Our spring job at SKI is to test the tools and toys you'll be reading about in this Buyer's Guide and throughout the season. It's our duty to evaluate whatever new inventions the equipment wizards have created. Not long ago snowboarding came along and eclipsed all innovation in the ski world. Shaped skis have since brought the sun back to skiing, but already the industry is looking for a new Messiah: something that will invigorate the double planker image, yet be accessible to the masses. There are preliminary reports that our saviors have arrived...and man are they ever short.

I'm talking about the in-line skates of the ski world, the "New School" skis that are barely half the size of my real skis and were designed chiefly to entice a new generation of non-skiers to the slopes. You may have seen them under their brand names-Snow Blades, Big Feet, Twin Tips, Micro Skis. You may have seen young shredders catching big air on them or skiers ripping through the trees in the powder. You may have thought they were cute. Or, like me, you may not have taken these oddities seriously. But now they're playing for keeps, with an official name-Skiboards-and an official association, the National Skiboard Coalition.

After checking out all that's new and high tech in skis last spring at our Beaver Creek, Colo., ski test, I traveled to Mt. Bachelor, Ore., to help out at boot camp-only to learn that my feet were too misshapen to test the available models.

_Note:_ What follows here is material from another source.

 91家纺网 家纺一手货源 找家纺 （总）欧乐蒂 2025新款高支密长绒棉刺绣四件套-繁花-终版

That's how I ended up becoming the official Skiboard tester.

My only previous experience with the shorties was an abbreviated half-run rumble with Sled Dogs in which I became painfully acquainted with their precarious balance point. Afterwards I convinced myself that I was simply too good for these junior achievers. Elitism comes all too easily in our sport.

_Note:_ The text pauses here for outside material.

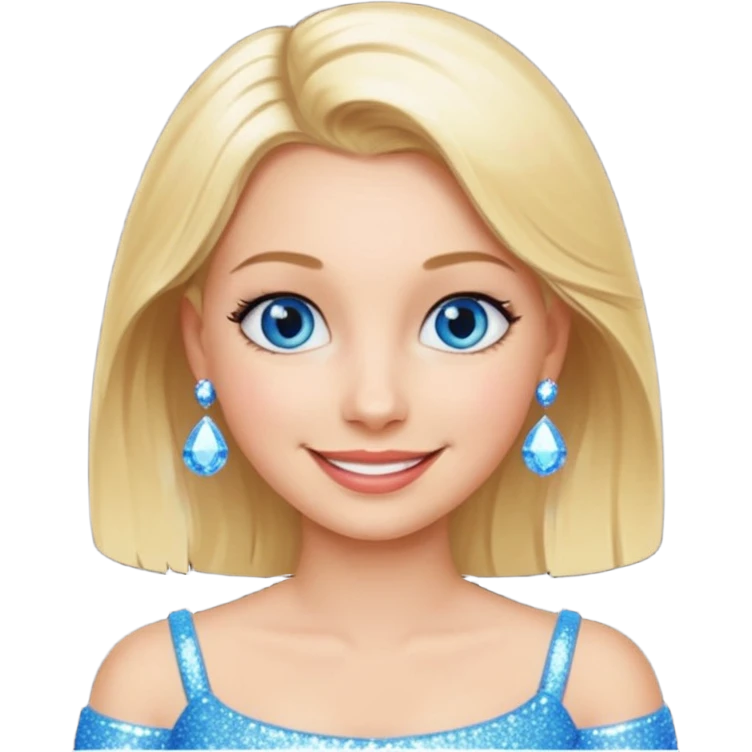 make this real, blond, below shoulder, blue eyes, 50s, sparkle in the eyes, fun, smile, no earings, relaxed style emoji
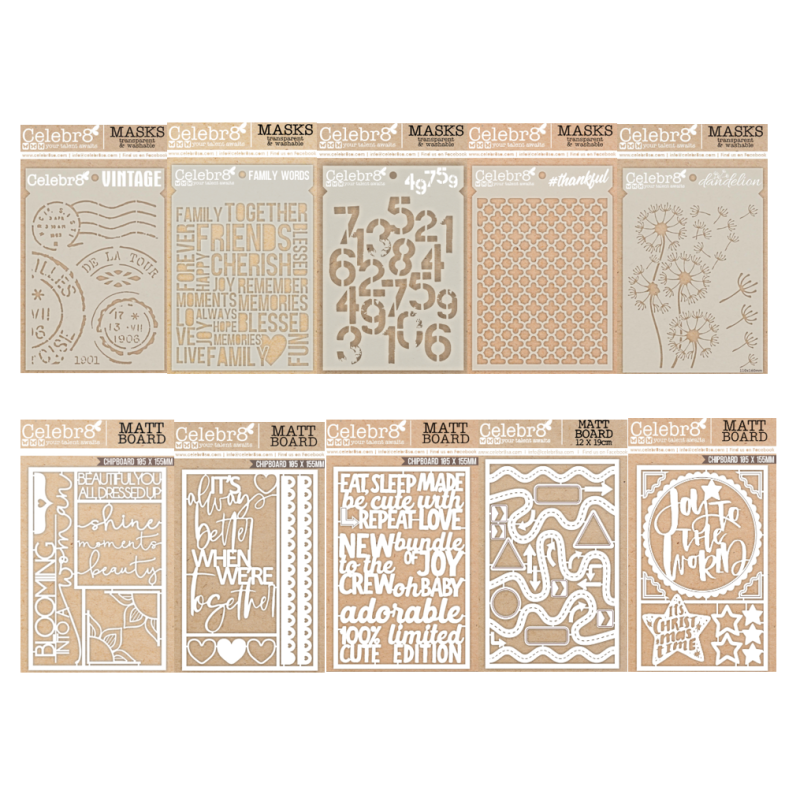 Celebr8 Chipboard & Stencil Bundle 3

But duty called, as did that nagging pretense of keeping an open mind. Before setting out, amid severe heckling from the other testers, I got all kinds of warnings and free advice: Stay on the groomed, don't lean too far back, avoid digging in your toes, keep your feet together, and most important, go somewhere private. To avoid the staring, the laughing and the impending Napoleonic complex, I did just that. I found a secluded run and gave them a spin, which quite literally was all I could manage since even the slightest knee pressure initiates a never-ending spiral of 360s. Taking a break halfway down my third run, I prepared for the shaky homestretch, convinced that if I wasn't too good for these things, I was definitely too old for them.

That's when I ran into Skunk Man. He was fortyish, tall and lanky, wearing utilitarian Northwest ski clothing basics-dark colors accented with lots of duct tape, pants that were once waterproof and a backpack, presumably filled with lunch and more duct tape. To top off the ensemble he wore a furry skunk hat-the type that makes children want to disown their parents. I was immediately curious because when he looked at me he did not laugh. He was, in fact, staring enviously at my feet. Skunk Man, I soon learned, skis on Big Feet exclusively, and has for the past seven years. To him, my gear represented a quantum leap in short ski technology. His wife and two children rested nearby, and they too were on primitive versions of Skiboards. I sensed the presence of a master and plied him for words of wisdom:

"Constant balance adjustment," was his only advice.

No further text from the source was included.